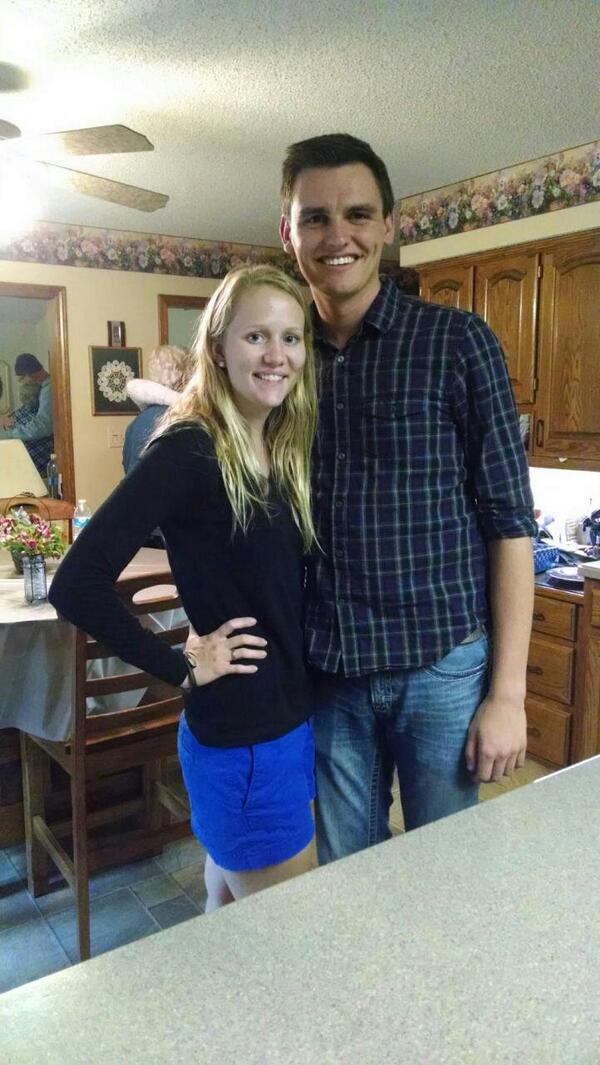 trennabruhe's tweet image. This kid is pretty alright in my book too, even though he leaves alone with Aunt Paula and Amy. #SibLove #TallKid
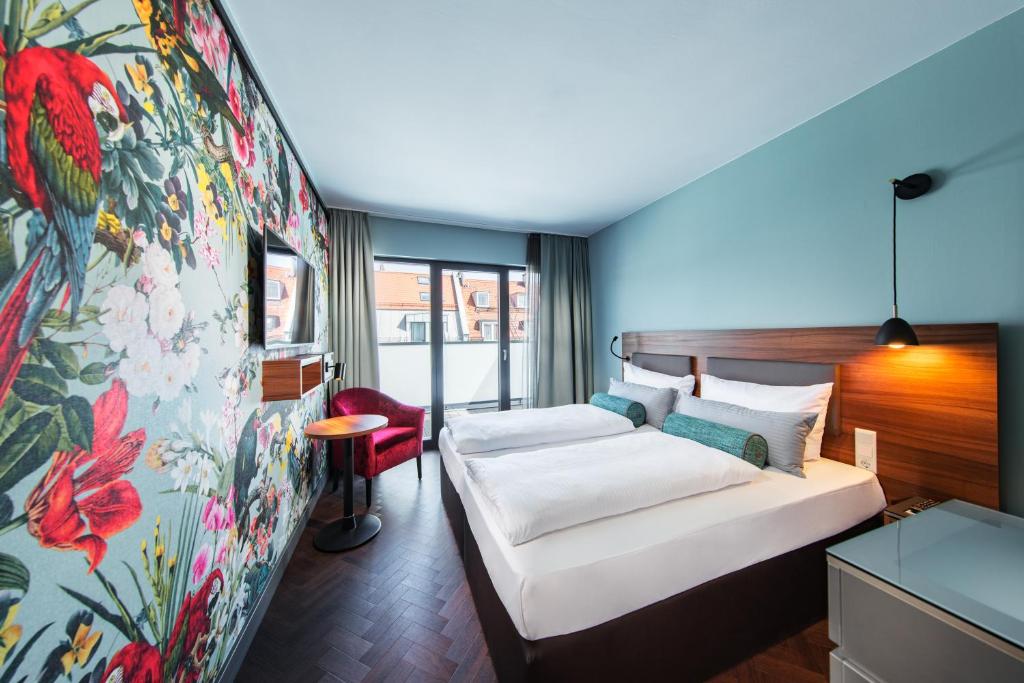 慕尼黑Maison Schiller by DesignCity Hotels的酒店客房设有两张床和花卉墙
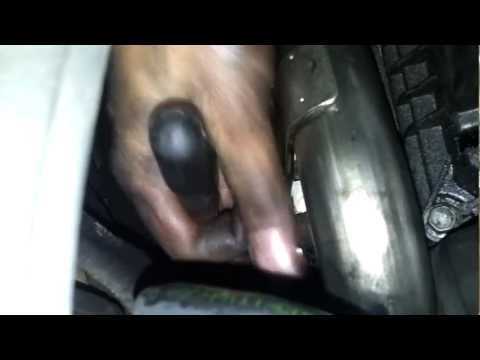 Как заменить трубу клапана EGR на Renault Megane 2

> _EXERCISE PROMPT_
Could you give the listing again exactly as it stands, minus any pictures?

> _RESPONSE TO THIS EXERCISE_
 trennabruhe's tweet image. This kid is pretty alright in my book too, even though he leaves alone with Aunt Paula and Amy. #SibLove #TallKid
 慕尼黑Maison Schiller by DesignCity Hotels的酒店客房设有两张床和花卉墙
 Как заменить трубу клапана EGR на Renault Megane 2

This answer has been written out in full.